In some short-run situations, both P and Y are determined simultaneously. The example below provides a simple linear representation of such a case. We suppose that P = 1.9459 and Y = 7800 (values determined by the intersection of the initial AD curve and the long-run AS curve above). We assume that  deviations about P2 (= 1.9459) are proportional to the value of (Y - 7800)/7800.

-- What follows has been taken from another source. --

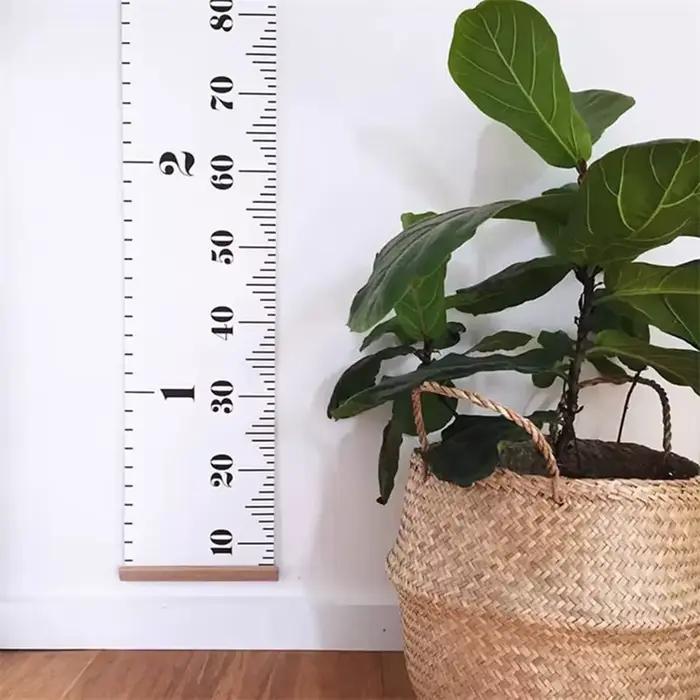 Autocollant mural suspendu en bois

(%i92) wxdraw2d(user_preamble="set key bottom left",
xrange=[7500,8000],ip_grid=[400,100], yrange=[0,5],
xlabel="Y", ylabel = "P", key = "Aggregate Demand",
implicit(AD(Y,P,m0,E0,a0,b0,t0, c0, d0,G0,M0), Y,7500,8000, P, 0.001, 5),
color = blue, key = "Aggregate Supply, SRAS",
explicit(P2+10*((Y-7800)/7800), Y,7500,8000), key = "LRAS", line_width=2,
color = gray, implicit(Y-7800,Y,7700,7900,P,0, 5)
)$

Result

We can evaluate the effect of a shifted AD curve. Suppose that G increases from G = 900 to G = 950, as above. The resulting effect on Y is an increase from Y = 7800.0 to Y = 7931.6. The price level rises from P2 = 1.9459 to 2.632. This increase implies that the real money supply decreases. This decrease adds upwardpressure to the interest rate, further reducing investment.

(%i93) AD(Y,P2+10*((Y-7800)/7800),m0,E0,a0,b0,t0, c0, d0,G0,M0);
temp1: find_root(AD(Y,P2+10*((Y-7800)/7800),m0,E0,a0,b0,t0, c0, d0,G0,M0),Y,0.01,8000);
temp2: find_root(AD(Y,P2+10*((Y-7800)/7800),m0,E0,a0,b0,t0, c0, d0,G0+50,M0),Y,0.01,8000);
find_root(AD(%,P,m0,E0,a0,b0,t0, c0, d0,G0+50,M0),P,0.01,5);

Result 

Because of the effect of the higher price level that increased G implies, the multiplier now falls from 3.0433 to 2.6321. This decrease reflects the fact that a higher aggregate price level implies a reduced real money supply, given M. The further reduction in M/P cause r to rise, crowding out some investment.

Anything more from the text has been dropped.